32 subscriptions and 55 subscribers
Article

Smarter gärtnern

Die Digitalisierung nimmt eine der letzten Bastionen ein: den Kleingarten. Der Gartenschlauch wird intelligent, das Gemüse übers Netz gesät, und in den Ferien übernimmt der Autopilot.

Text: Jakob Vicari

Eine Oase der Ruhe, das Gefühl feuchter Erde an den Händen, das Mobiltelefon im Flugmodus - das war bisher das Kleingarten-Ideal. Man war entspannt, hing seinen Gedanken nach, die Sonne im Gesicht. Doch manche verzichten jetzt auf die sinnliche Erfahrung: Denn die Digitalisierung ist dabei, die analoge Parzelle in einen smarten Greenspace zu verwandeln.

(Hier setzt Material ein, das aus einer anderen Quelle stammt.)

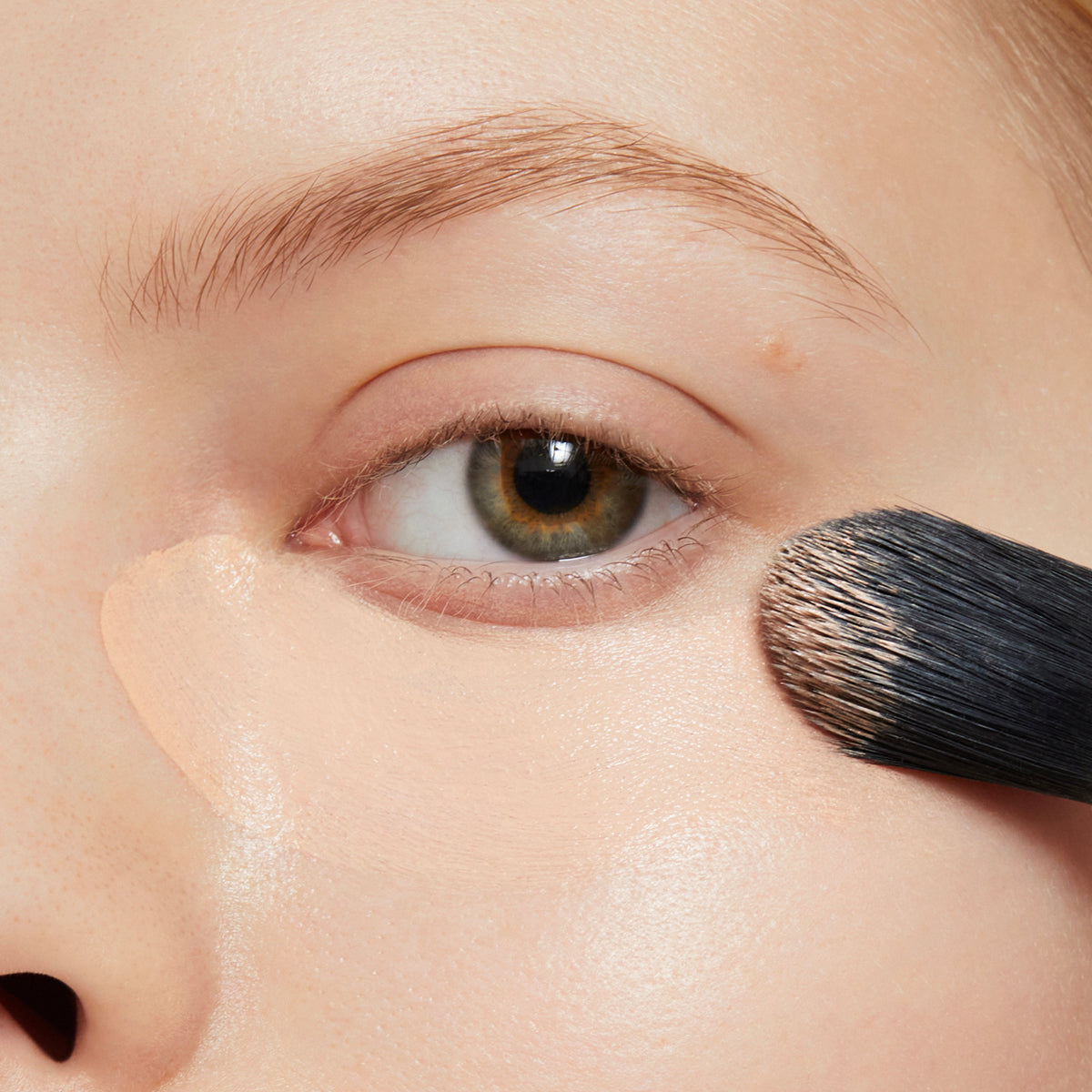 Coconut concealer coverage on model under eyes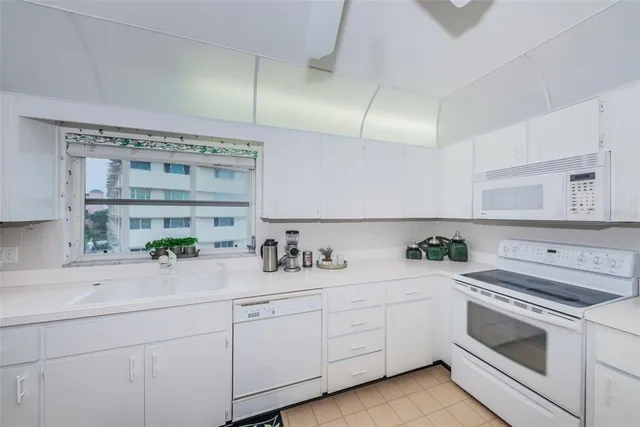 a view of a lake with a table and chairs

Alles, was Arbeit im Garten macht, erledigt die Technik: Mähroboter nutzen künstliche Intelligenz, GPS und Ultraschallsensoren für den optimalen Weg über den Rasen, Apps sammeln Daten und senden Informationen zu jedem Strauch und jeder Staude an das Smartphone. Mit dem Kleingarten fällt eine der letzten analogen Bastionen des Alltags. Der prüfende Finger im Beet weicht dem Blick aufs Handy.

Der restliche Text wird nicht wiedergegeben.